I am really pulling out my hair trying to find a way to do something which doesn't seem like it should have to be be this difficult. I must be missing a more obvious way to handle this.
Thanks,
Matthew
^ permalink raw reply [flat|nested] 12+ messages in thread
* Re: [dpdk-dev] rte_lpm with larger nexthops or another method?
2015-06-22 2:29 [dpdk-dev] rte_lpm with larger nexthops or another method? Matthew Hall
@ 2015-06-22 10:11 ` Vladimir Medvedkin
2015-06-22 17:53 ` Matthew Hall
0 siblings, 1 reply; 12+ messages in thread
From: Vladimir Medvedkin @ 2015-06-22 10:11 UTC (permalink / raw)
To: Matthew Hall; +Cc: <dev@dpdk.org>
Hi Matthew,
I just recently thought about next_hop extension.
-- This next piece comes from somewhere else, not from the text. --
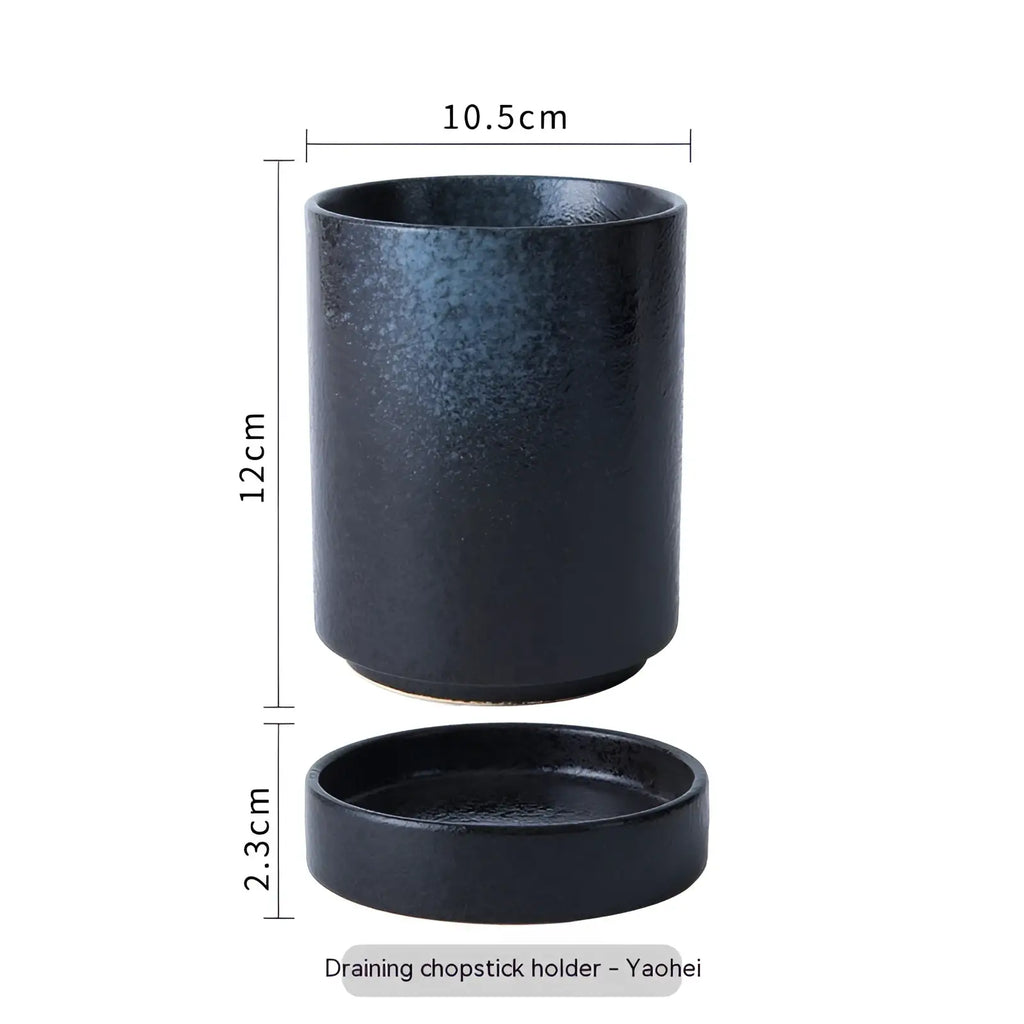 Black ceramic Japanese style chopstick holder with speckled texture and matching circular draining base for storage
For ipv4 we can do
something like:
struct rte_lpm_tbl24_entry {
/* Stores Next hop or group index (i.e. gindex)into tbl8. */
union {
uint32_t next_hop :24;
uint32_t tbl8_gindex :24;
}__attribute__((__packed__));
/* Using single uint8_t to store 3 values. */
uint32_t valid :1; /**< Validation flag. */
uint32_t ext_entry :1; /**< External entry. */
uint32_t depth :6; /**< Rule depth. */
};
so we have 24 bit for next_hop.
2015-06-22 5:29 GMT+03:00 Matthew Hall <mhall@mhcomputing.net>:
> Hello,
>
> I have gone out on the internet for days looking at a bunch of different
> radix tree implementations to see if I could figure a way to implement my
> own tree, just to work around the really low 255 CIDR block limitation in
> librte_lpm. Unfortunately every single one I could find falls into one of
> these two annoying categories:
>
> 1) bloated with a lot of irrelevant kernel code I don't care about
> (especially the Linux version but also the BSD one, which also makes a
> weird assumption every address object stores its length in byte 0 of the
> address struct). These are hard to convert into something that plays nice
> with raw packet data.
>
> 2) very seemingly simple code, which breaks horribly if you try to add
> IPv6 support (such as the radix tree from University of Michigan / LLVM
> compiler benchmark suite, and the one from the old unmaintained mrt daemon,
> which includes a bizarre custom reference-counted memory manager that is
> very convoluted). These are easy to set up, but cause a lot of weird
> segfaults which I am having a difficult time to try to debug.
>
> So it seems like I am going nowhere with this approach. Instead, I'd like
> to know, what would I need to do to add this support to my local copy of
> librte_lpm? Let's assume for the sake of this discussion, that I don't care
> one iota about any performance cost, and I am happy if I need to prefetch
> two cachelines instead of just one (which I recall from a past thread is
> why librte_lpm has such a low nexthop limit to start with).
>
> Failing that, does anybody have a known good userspace version of any of
> these sort of items:
>
> 1) Hash Based FIB (forwarding information base),
> 2) Tree Based FIB,
> 3) Patricia trie (which does not break horribly on IPv6 or make bad
> assumptions about data format besides uint8_t* and length),
> 4) Crit-Bit tree
> 5) any other good way of taking IPv4 and IPv6 and finding the longest
> prefix match against a table of pre-loaded CIDR blocks?
>
> I am really pulling out my hair trying to find a way to do something which
> doesn't seem like it should have to be be this difficult. I must be missing
> a more obvious way to handle this.
>
> Thanks,
> Matthew
^ permalink raw reply [flat|nested] 12+ messages in thread
* Re: [dpdk-dev] rte_lpm with larger nexthops or another method?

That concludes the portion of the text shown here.